After a hiatus of three years, seeing that cinematic overture feels like coming home to Verona, and oh, what a luminous place to land. The curtain’s ascent reveals a setting where anything might happen, a white expanse layered with the depth of color and texture of Dominique Drillot’s richly poetic lighting. There is no stone-laid balcony, no golden ballroom, or grand renaissance architecture, for Maillot trusts his audiences to see what he leaves bare. Walls move like turning pages to reveal frozen scenes which then burst to life, creating a masterful picture of storytelling in all of its forms. There is beauty in simplicity, and this toned-down scenery allows movement to show its full passion without distraction.


By reinventing the essence of Friar Laurence and placing the weight of the story upon his shoulders, Maillot’s crafting of the story allows for ellipsis and deepens the story by letting Friar Laurence grapple with fate as he tells this tragedy that he cannot halt. The shaping of the tale is heavily laden with foreshadowing, such as the Act II puppet play performed by Friar Laurence and his two acolytes, which shows the characters exactly what will unfold, yet there is no way to stop the waves of fate.

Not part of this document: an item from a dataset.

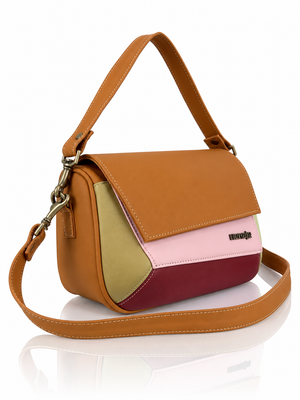 Cartera manos libres Naomi Soft, color miel y vinotinto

Unlike other productions of Romeo and Juliet, weapons are nowhere to be seen, and only an extremely limited number of props are deemed necessary. When props do come into play, their use is a work of brilliant symbolism. When Juliet draws poison from Friar Laurence’s lips, there’s no bottle in sight, yet we feel the dread creeping in as the stage drains of color. After the puppet play foreshadows the death of Mercutio, it is the puppet’s hand itself that strikes and kills Mercutio, and moments later, the cloth soaked with Mercutio’s blood is what Romeo uses to suffocate Tybalt. There’s also Juliet’s note that the nurse must pass to Romeo, but she hands it first to the puppet symbolizing Juliet, who then gives it to Romeo, making it clear who that white slip of paper is from. It’s simply genius creativity that can only come from relying on such minimalism. 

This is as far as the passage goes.